After completing this lesson, students should be able to

  • Articulate the views of prominent American founders regarding slavery, and explain why they believed it was inconsistent with the principles of the Revolution.
  • Understand the obstacles Americans faced in doing away with slavery in the United States.
  • Explain why most of the founders preferred gradual rather than immediate abolition, and understand the plans in the various states for the gradual emancipation of slaves.
  • Identify the means taken by certain states to either eliminate or protect slavery.
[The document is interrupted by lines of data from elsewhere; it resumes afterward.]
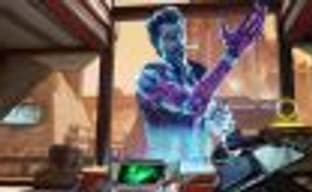 Трой Бейкер о том, почему он не озвучивал Риза в Borderlands 3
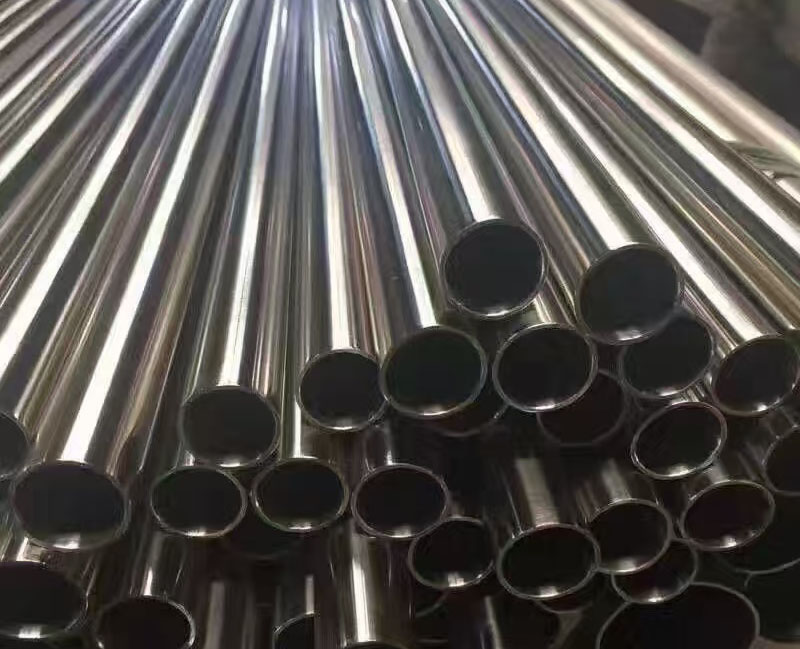 玉龙20#精密钢管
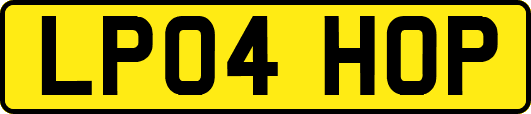 LP04HOP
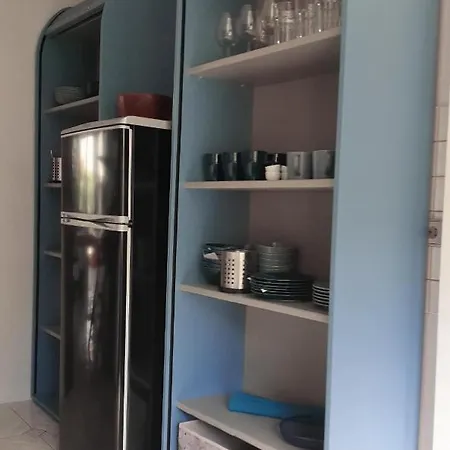 An Den Auwiesen Lejlighed Kleineicholzheim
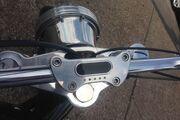 Picture 6 - S&S custom cruiser 2011 96ci S&S motor, Zodiac softail frame motorbike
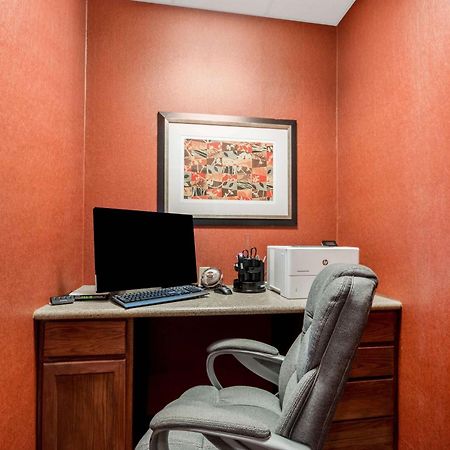 Hampton Inn Derby-Wichita Southeast Εξωτερικό φωτογραφία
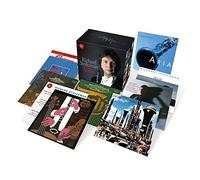 Richard Stoltzman - Richard Stoltzman - The Complete Album Collection [40 CD]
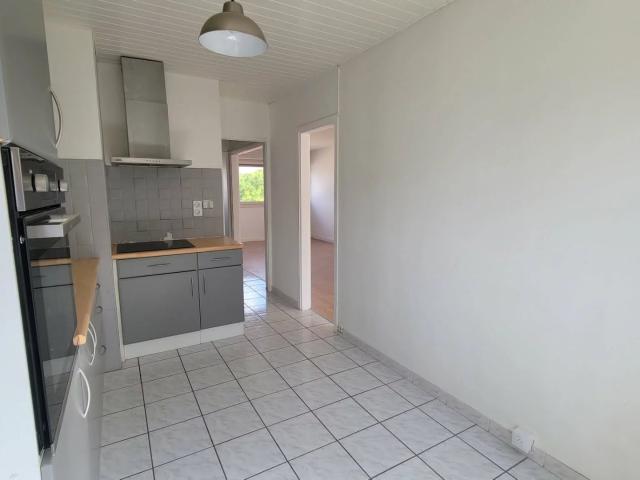 Appartement vente à Montbéliard, Seloncourt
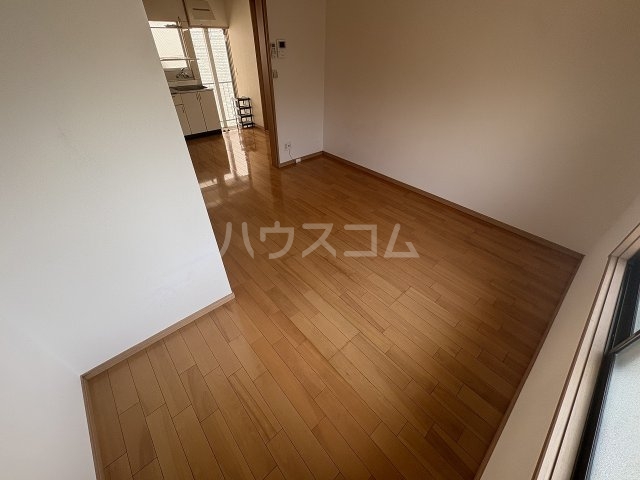 5/27 リビング/ダイニング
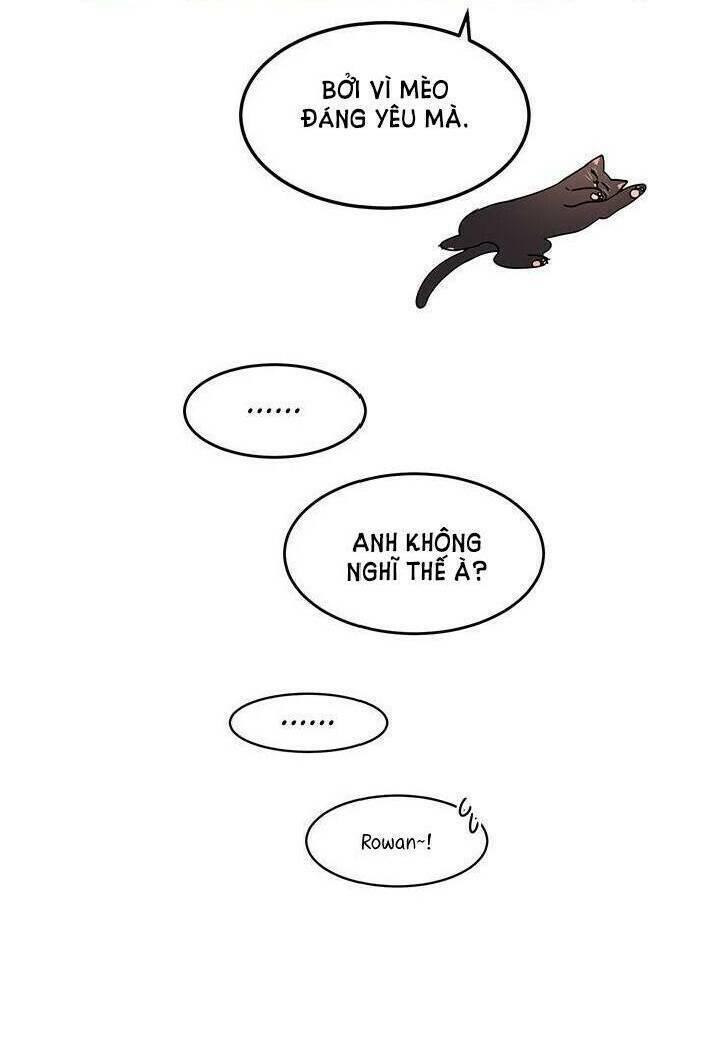 Công Tước, Loạn Vừa Thôi! Chapter 61 - Trang 2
In the years leading up to the Civil War, the views of the American founders with regard to slavery became an important issue. President Abraham Lincoln and former slave Frederick Douglass argued repeatedly that the American founders believed slavery was contrary to the principles of the Declaration of Independence and meant to put the nefarious practice on the path to extinction. Others, such as Senator Stephen Douglas, claimed that the founders had intended to leave it to the people of each state to decide whether they wanted slavery or not. And Abolitionist leader William Lloyd Garrison accused the founders of perpetuating slavery forever through the “infamous bargain” or compromise made with slave states during the Constitutional Convention. In hindsight it would seem that there is some ground for all of these claims. One object of this lesson is to allow students to see for themselves what the American founders actually said and did with regard to the institution of slavery.

auctioneer's stand, Green Hill plantation, Virginia

Green Hill (Virginia) plantation slave auction auctioneer's stand, early 19th century. Image courtesy of American Memory at the Library of Congress.
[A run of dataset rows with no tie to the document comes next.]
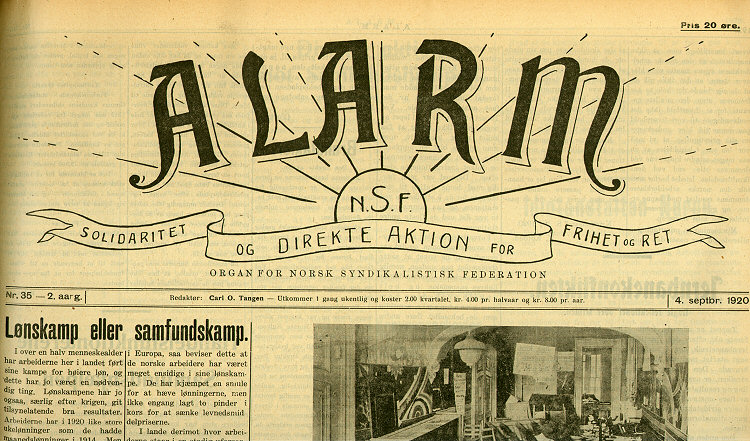 Dagens kalenderbilde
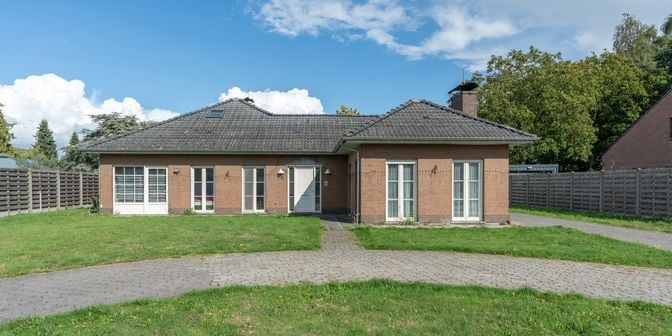 Maison à vendre à Noord-Brabantlaan 78, 2300 Turnhout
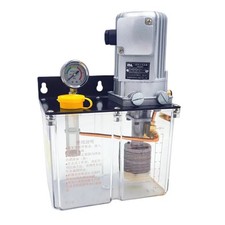 Auto grease pump for - auto,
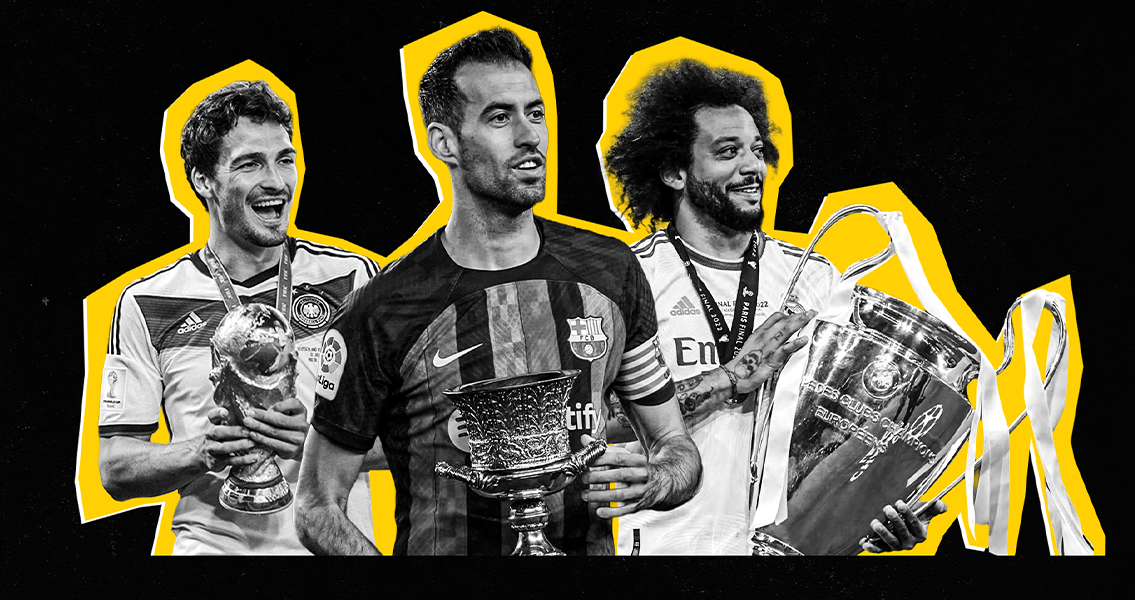 Retired players 2025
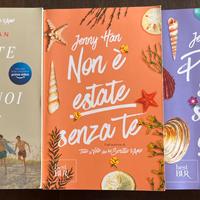 Libro “L’estate nei tuoi occhi”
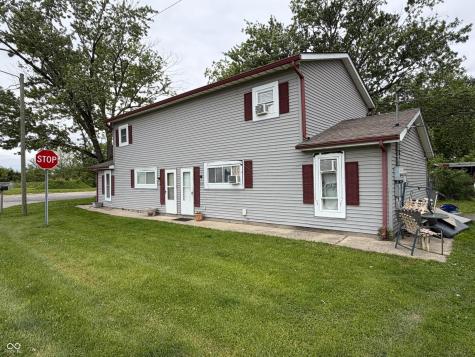 900 Louise Avenue Crawfordsville IN 47933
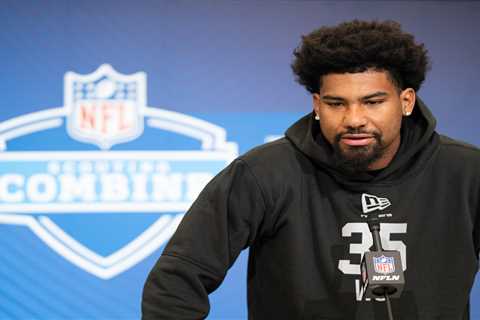 Grading 49ers 2026 NFL Draft picks: Franchise scores on big swings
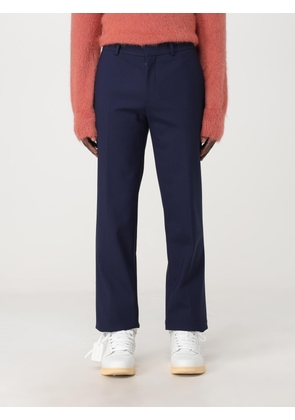 Pants OFF-WHITE Men color Denim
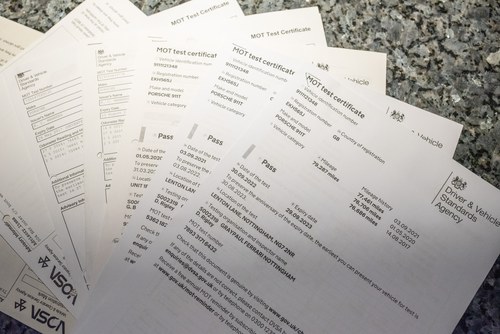 1970 Porsche 911 T (LHD) For Sale (picture 200 of 215)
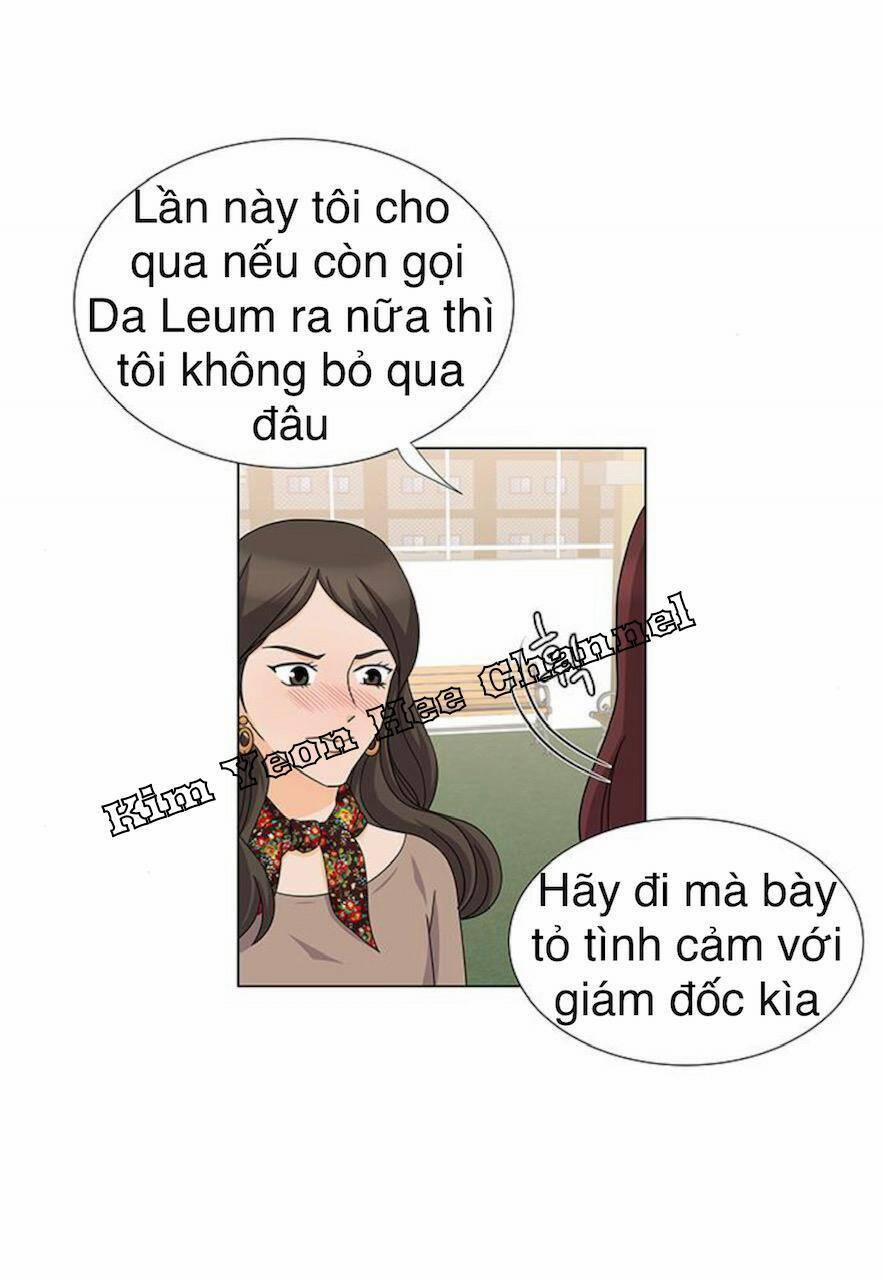 Idol Và Sếp, Em Yêu Ai? 82 trang 4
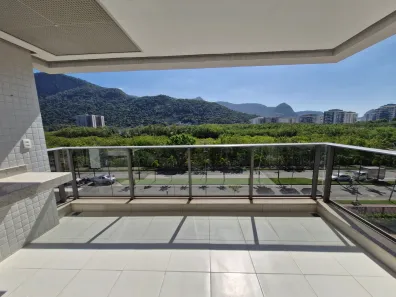 Apartamento com 2 Quartos à venda, 88m² no Barra Olímpica, Rio de Janeiro
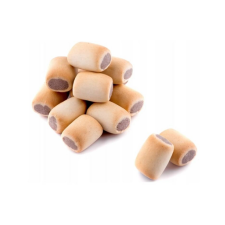 Maced Marhahús márkák 1kg jutalomfalat kutyáknak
At the time the United States declared independence from Great Britain, slavery legally existed in every state, North and South. But as Americans fought to establish self-government and fulfill the principles expressed in the words of the Declaration of Independence, many recognized the great tension between the idea that “all men are created equal” and the injustice of chattel slavery. Slavery had existed in America for over a century, but it was specifically the principles of the Revolution that clearly demonstrated the injustice of the institution, and many Americans hoped for its immediate abolition along with the end of British rule. Thomas Jefferson, for example, in his Summary View of the Rights of British America, wrote that “the abolition of domestic slavery is the great object of desire in those colonies, where it was unhappily introduced in their infant state.” Indeed, in his draft of the Declaration of Independence, Jefferson included an indictment against King George III for waging “cruel war against human nature itself, violating its most sacred rights of life and liberty in the persons of distant people, who never offended him, captivating and carrying them into slavery in another hemisphere.” It was under the tyrannical rule of Great Britain that the importation of slaves into America had peaked, and now, many Americans hoped, the Revolution would lead to the establishment of a nation of freedom for all men, white and black.

Jefferson was not alone in his hatred of slavery. George Washington, the great general of the Revolution and first President of the United States, wrote that his employment of slaves was “the only unavoidable subject of regret” in his life. After the Revolution, Washington wrote to a friend, “I never mean … to possess another slave by purchase; it being among my first wishes to see some plan adopted by the Legislature by which slavery in this Country may be abolished.” Washington resolved to make his own slaves “as easy and comfortable in their circumstances as their actual state of ignorance and improvidence would admit, and to lay a foundation to prepare the rising generation for a destiny different from that in which they were born.” In his will Washington stipulated that his slaves should be freed upon the death of his wife. He could not, he wrote, with good conscience free them sooner, because many had married with the “dower” slaves of Martha’s family, whom he could not legally free; the result would have been that freed husbands, wives, fathers and mothers would have to live with enslaved spouses or children, which could produce “painful sensations, if not disagreeable consequences.” Washington also established a fund out of which the older slaves were to be supported for the remainder of their lives; the children of the freed slaves were “to be taught to read and write; and to be brought up to some useful occupation”; and Washington “expressly forbid the Sale, or transportation out of said Commonwealth, of any Slave I may die possessed of, under any pretence whatsoever” in order to keep as many families intact as possible. Washington realized that this was little compensation for the injustice of slavery, but it was all he could do, given the laws of the state of Virginia at the time concerning the manumission of slaves.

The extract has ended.